BBC Two Northern Ireland
- Logo used since 2021.
- Country: United Kingdom
- Broadcast area: Northern Ireland Republic of Ireland
- Network: BBC Two

Programming
- Languages: English (Ulster English) Irish Ulster Scots
- Picture format: 576i (16:9 SDTV) 1080i (HDTV)

Ownership
- Owner: BBC Northern Ireland
- Sister channels: BBC One Northern Ireland

History
- Launched: 11 June 1966; 60 years ago 30 March 2001; 25 years ago (digital version)
- Replaced: BBC Choice Northern Ireland (digital version)
- Closed: 28 October 2006; 19 years ago (digital version)

Availability

Terrestrial
- Freeview: Channel 2 Channel 102 (HD)

= BBC Two Northern Ireland =

Television station operated by BBC Northern Ireland

BBC Two Northern Ireland is a Northern Irish free-to-air television channel owned and operated by BBC Northern Ireland as a variation of the BBC Two network. It is broadcast via digital terrestrial transmitters and from the SES Astra 2E satellite (transponder 48) at the 28.2° East orbital position.

==History==
The channel's digital feed launched on 30 April 2001, a month after the closure of BBC Choice Northern Ireland.

==Presentation==

BBC Two Northern Ireland logo used from 2007 until 2021.

The channel was branded onscreen as 'BBC Two NI' from October 2006 until February 2007, though not referred to as such by continuity announcers. Unique idents for Northern Ireland featuring the robotic figure 2 were used during this time, showing the Giant's Causeway and the feature eating an Ulster Fry.

== Programming ==
Unlike BBC Two in the rest of the UK, the channel broadcasts regular news and regional weather updates between programmes. Programmes on the service have included the following:

- The Children's
- First Stop
- Hearts and Minds
- The John Daly Show
- BBC Sport NI at the Milk Cup
- Sky High
- Chasing the Dollar
- Spotlight

===Children's programmes===
- Sesame Tree (Originated from BBC Northern Ireland)
- Pingu (Originated from the BBC)
- What's New, Scooby-Doo? (US import from Cartoon Network)
- Shaun the Sheep (From sister network CBBC)
- Bernard (South Korea import from EBS)
- Brum (Originated from the BBC)
- Teletubbies (Originated from the BBC)
- Arthur (US import from PBS)
- The Simpsons (US import from FOX)
- Charlie and Lola (From sister network CBeebies)
- Barnaby Bear (Also known as Colargol)

==Availability==
BBC Two Northern Ireland can be seen on all television platforms on channel 2, or 102 in Northern Ireland, depending on the system and in other areas of the UK via satellite and on some other digital television platforms and in most areas of the Republic of Ireland on satellite, cable and some other digital television receivers. Programming shown on BBC Two Northern Ireland can be watched again across the UK after transmission on the BBC iPlayer service.

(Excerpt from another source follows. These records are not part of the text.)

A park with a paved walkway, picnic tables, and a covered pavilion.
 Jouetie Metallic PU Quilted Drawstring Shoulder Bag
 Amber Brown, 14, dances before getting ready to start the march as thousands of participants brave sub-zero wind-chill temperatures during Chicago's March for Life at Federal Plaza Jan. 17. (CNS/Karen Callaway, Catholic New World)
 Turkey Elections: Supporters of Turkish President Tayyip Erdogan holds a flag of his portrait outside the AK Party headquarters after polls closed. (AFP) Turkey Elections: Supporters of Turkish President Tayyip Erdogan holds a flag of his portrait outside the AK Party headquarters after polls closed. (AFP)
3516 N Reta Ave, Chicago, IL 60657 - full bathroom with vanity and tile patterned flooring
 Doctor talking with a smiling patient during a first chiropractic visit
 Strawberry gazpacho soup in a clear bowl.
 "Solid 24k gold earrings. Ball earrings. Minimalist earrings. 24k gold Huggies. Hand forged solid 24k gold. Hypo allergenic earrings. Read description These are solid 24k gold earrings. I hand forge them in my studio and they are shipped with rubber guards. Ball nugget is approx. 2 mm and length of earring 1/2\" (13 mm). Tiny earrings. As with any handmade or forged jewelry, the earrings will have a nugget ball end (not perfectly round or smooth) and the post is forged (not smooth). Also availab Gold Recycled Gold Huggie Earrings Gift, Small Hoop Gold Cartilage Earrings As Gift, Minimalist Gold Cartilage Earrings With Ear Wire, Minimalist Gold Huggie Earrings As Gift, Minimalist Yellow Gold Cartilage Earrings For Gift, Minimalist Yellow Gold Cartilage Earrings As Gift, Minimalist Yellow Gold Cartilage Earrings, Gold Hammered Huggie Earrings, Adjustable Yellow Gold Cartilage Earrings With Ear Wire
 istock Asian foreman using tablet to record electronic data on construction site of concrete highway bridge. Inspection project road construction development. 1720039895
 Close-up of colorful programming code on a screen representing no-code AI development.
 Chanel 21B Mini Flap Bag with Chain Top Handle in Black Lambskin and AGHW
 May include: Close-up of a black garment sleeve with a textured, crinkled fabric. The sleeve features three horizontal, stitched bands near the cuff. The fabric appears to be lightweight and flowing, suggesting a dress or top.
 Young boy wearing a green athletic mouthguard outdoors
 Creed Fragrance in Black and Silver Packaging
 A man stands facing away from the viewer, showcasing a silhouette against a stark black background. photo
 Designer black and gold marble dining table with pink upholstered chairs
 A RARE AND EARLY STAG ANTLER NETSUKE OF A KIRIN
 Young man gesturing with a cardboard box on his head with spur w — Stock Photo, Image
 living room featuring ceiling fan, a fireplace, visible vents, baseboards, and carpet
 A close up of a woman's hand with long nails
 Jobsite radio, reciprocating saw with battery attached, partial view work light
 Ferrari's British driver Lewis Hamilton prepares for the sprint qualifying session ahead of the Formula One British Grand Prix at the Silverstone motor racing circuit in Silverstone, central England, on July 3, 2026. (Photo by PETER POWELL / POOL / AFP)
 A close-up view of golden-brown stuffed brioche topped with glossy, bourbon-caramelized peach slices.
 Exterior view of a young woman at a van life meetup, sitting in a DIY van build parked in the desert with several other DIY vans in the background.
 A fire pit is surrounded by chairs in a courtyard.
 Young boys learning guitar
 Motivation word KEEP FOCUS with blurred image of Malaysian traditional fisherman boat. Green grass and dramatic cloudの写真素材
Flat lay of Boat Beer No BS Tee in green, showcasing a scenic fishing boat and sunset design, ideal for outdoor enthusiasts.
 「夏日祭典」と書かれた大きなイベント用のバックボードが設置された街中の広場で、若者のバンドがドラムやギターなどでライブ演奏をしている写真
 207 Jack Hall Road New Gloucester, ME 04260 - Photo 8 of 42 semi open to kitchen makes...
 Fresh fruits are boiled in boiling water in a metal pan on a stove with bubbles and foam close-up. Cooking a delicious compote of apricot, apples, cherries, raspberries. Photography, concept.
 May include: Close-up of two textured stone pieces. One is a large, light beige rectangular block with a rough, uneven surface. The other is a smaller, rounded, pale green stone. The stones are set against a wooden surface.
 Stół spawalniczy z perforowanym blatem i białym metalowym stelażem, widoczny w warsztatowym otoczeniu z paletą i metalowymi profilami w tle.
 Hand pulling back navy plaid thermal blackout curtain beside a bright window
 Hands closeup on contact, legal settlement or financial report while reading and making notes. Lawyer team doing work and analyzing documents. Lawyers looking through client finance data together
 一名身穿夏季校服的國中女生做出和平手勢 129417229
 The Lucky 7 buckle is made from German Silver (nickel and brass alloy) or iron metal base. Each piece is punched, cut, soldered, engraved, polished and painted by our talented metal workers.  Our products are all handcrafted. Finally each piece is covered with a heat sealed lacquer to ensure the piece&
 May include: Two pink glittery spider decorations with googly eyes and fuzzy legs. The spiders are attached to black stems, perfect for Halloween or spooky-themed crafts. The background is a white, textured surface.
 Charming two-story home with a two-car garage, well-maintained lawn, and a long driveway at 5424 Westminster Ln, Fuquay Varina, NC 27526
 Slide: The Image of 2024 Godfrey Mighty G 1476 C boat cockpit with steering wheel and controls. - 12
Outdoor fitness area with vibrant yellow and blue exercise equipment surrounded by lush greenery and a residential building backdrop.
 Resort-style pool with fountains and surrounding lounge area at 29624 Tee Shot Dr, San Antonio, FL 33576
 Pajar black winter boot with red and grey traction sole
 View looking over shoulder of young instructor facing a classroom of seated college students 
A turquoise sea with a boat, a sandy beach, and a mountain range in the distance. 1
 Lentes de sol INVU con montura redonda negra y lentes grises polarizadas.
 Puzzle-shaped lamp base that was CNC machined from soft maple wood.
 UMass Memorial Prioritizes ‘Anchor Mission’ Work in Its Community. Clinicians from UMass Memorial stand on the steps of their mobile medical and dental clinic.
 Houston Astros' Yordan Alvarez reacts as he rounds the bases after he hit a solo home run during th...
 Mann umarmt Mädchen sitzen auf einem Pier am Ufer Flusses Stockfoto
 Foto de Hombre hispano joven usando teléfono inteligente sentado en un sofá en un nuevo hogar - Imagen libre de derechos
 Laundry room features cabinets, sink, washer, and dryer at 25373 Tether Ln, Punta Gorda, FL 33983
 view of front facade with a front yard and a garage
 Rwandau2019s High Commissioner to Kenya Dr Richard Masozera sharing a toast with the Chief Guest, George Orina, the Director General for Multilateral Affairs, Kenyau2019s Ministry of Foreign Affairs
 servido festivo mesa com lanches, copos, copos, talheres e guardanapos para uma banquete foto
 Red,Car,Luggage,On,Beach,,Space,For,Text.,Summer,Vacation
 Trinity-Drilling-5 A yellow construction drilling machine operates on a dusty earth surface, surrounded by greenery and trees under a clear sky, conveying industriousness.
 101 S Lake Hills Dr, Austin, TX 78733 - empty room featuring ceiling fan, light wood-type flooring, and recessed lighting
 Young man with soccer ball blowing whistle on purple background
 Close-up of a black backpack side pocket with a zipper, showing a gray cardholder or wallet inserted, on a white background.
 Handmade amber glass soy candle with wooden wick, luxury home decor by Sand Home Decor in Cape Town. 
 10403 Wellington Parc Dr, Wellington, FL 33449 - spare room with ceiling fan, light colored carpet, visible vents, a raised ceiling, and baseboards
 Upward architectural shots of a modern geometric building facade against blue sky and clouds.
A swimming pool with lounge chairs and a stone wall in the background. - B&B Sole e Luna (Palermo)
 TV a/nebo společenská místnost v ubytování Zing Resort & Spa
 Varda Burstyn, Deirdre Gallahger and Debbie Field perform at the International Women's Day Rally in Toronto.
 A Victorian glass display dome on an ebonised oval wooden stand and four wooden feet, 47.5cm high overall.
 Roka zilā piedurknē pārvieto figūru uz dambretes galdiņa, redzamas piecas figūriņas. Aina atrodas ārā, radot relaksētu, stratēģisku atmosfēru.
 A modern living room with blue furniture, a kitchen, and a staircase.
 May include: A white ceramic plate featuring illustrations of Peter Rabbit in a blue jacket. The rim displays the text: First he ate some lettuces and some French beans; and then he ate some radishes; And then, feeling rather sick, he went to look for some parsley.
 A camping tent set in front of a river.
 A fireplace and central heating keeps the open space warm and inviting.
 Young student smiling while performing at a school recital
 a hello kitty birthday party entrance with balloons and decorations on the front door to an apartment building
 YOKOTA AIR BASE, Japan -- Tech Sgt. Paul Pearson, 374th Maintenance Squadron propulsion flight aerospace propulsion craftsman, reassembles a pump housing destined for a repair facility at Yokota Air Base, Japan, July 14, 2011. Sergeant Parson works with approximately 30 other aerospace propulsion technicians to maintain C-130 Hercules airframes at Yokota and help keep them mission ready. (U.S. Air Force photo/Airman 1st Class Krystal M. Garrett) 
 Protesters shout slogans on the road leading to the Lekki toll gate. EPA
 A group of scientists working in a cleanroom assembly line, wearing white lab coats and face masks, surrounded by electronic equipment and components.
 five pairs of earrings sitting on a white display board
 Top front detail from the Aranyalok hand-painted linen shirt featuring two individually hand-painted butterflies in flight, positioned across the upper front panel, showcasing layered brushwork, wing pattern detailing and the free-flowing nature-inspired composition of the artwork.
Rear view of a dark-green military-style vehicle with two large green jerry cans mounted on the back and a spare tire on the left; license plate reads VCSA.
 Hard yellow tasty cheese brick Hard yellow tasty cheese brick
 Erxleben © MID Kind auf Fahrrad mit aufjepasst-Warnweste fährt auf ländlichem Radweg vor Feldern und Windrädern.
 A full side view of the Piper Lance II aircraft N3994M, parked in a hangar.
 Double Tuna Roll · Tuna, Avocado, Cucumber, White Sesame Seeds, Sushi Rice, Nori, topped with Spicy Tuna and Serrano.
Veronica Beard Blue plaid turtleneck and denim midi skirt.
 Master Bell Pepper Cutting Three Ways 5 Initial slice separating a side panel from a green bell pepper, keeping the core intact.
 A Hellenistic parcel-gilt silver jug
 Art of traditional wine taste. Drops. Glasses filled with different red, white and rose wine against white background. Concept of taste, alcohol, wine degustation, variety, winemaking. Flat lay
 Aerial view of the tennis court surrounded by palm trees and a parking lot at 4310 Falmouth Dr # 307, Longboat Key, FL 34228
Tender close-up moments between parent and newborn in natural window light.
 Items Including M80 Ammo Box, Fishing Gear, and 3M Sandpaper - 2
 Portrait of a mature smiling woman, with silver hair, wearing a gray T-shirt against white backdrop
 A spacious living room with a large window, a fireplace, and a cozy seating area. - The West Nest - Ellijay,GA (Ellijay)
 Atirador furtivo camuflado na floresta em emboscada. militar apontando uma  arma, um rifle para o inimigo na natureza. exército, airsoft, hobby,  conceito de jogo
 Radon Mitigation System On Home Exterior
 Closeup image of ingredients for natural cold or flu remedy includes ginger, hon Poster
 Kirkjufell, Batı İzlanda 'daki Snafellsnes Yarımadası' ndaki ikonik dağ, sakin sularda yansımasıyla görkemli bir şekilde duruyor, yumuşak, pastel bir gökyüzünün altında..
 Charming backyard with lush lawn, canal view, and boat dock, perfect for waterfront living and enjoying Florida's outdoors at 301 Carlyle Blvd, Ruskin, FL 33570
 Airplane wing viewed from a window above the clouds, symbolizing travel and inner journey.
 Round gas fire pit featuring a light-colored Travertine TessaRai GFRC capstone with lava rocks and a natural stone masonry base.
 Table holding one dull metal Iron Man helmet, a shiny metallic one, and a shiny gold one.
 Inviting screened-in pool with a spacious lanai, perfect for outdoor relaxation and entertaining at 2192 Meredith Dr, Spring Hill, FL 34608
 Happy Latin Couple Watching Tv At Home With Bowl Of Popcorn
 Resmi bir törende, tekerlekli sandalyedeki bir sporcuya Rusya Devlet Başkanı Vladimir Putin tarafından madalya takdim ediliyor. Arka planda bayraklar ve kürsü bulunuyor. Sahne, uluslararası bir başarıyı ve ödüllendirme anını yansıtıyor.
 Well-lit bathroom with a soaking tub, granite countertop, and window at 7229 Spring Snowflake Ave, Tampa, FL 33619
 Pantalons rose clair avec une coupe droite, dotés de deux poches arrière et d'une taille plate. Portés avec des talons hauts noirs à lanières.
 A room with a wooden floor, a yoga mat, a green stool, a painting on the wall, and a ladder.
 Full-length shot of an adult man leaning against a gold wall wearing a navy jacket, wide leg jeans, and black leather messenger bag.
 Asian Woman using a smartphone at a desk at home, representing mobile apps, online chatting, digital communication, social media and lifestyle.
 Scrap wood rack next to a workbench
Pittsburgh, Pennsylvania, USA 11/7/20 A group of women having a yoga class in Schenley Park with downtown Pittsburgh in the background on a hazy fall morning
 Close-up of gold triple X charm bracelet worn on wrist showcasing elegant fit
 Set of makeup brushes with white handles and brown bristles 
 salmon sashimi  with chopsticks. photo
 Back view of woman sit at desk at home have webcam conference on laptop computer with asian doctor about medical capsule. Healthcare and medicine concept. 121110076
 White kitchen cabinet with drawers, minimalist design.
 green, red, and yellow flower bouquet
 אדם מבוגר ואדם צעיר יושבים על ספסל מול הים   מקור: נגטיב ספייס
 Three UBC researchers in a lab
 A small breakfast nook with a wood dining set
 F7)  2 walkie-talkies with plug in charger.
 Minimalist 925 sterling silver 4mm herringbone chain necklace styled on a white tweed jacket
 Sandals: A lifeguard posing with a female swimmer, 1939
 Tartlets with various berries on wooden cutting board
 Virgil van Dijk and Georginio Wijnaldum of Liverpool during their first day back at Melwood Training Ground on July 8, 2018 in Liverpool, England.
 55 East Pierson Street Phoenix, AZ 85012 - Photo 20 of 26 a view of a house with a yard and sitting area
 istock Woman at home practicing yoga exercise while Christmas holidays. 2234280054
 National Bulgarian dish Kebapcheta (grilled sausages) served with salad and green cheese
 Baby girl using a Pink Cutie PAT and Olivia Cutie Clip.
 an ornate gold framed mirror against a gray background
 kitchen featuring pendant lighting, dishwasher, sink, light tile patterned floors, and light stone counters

Until 28 October 2006, there were two separate services – 'BBC Two Northern Ireland"', an analogue-only service, referred to as "BBC Two", both in idents and continuity, and a digital-only opt-out, 'BBC Two NI', (the successor to BBC Choice Northern Ireland) which carried extra regional programming and continuity between 6pm and midnight. This has all now ended and the two Northern Ireland services have been merged.